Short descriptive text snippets
>>>

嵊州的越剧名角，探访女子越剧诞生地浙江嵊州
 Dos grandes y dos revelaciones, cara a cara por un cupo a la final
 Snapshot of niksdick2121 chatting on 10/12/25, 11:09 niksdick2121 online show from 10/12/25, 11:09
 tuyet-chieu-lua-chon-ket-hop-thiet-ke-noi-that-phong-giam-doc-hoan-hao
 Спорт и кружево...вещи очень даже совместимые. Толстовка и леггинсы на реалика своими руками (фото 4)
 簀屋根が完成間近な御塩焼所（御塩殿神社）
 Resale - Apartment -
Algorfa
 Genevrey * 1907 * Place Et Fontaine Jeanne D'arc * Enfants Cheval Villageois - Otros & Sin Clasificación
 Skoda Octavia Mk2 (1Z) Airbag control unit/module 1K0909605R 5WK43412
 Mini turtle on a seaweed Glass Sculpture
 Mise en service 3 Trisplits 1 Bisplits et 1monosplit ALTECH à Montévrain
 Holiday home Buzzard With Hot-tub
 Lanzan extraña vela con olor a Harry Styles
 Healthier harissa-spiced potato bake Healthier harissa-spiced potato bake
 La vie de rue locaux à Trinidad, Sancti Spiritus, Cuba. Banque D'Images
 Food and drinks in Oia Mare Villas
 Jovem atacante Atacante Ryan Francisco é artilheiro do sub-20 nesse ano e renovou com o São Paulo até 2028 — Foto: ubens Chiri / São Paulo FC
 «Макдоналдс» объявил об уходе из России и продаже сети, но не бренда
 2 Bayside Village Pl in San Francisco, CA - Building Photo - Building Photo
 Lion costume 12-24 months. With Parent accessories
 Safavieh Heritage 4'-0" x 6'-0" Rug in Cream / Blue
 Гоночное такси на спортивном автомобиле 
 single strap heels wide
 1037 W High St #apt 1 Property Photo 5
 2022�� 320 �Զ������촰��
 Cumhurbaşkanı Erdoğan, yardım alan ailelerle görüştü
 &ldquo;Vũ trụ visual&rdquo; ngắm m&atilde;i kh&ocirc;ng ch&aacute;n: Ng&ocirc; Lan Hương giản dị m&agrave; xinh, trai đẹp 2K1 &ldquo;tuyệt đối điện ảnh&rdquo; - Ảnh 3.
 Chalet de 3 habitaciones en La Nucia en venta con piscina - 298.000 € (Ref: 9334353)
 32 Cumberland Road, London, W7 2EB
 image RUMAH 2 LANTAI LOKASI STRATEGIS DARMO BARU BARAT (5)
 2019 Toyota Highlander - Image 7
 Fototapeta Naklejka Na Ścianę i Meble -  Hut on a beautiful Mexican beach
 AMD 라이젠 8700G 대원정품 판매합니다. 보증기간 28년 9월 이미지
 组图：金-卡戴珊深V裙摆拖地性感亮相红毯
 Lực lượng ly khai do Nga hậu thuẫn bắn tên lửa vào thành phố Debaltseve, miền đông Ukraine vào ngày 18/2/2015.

<<<

● **Task goal**: Starting at the line that contains "Chalet de 3", copy every line down to the last line of the records above, exactly as written.

● **Your solution**:
 Chalet de 3 habitaciones en La Nucia en venta con piscina - 298.000 € (Ref: 9334353)
 32 Cumberland Road, London, W7 2EB
 image RUMAH 2 LANTAI LOKASI STRATEGIS DARMO BARU BARAT (5)
 2019 Toyota Highlander - Image 7
 Fototapeta Naklejka Na Ścianę i Meble -  Hut on a beautiful Mexican beach
 AMD 라이젠 8700G 대원정품 판매합니다. 보증기간 28년 9월 이미지
 组图：金-卡戴珊深V裙摆拖地性感亮相红毯
 Lực lượng ly khai do Nga hậu thuẫn bắn tên lửa vào thành phố Debaltseve, miền đông Ukraine vào ngày 18/2/2015.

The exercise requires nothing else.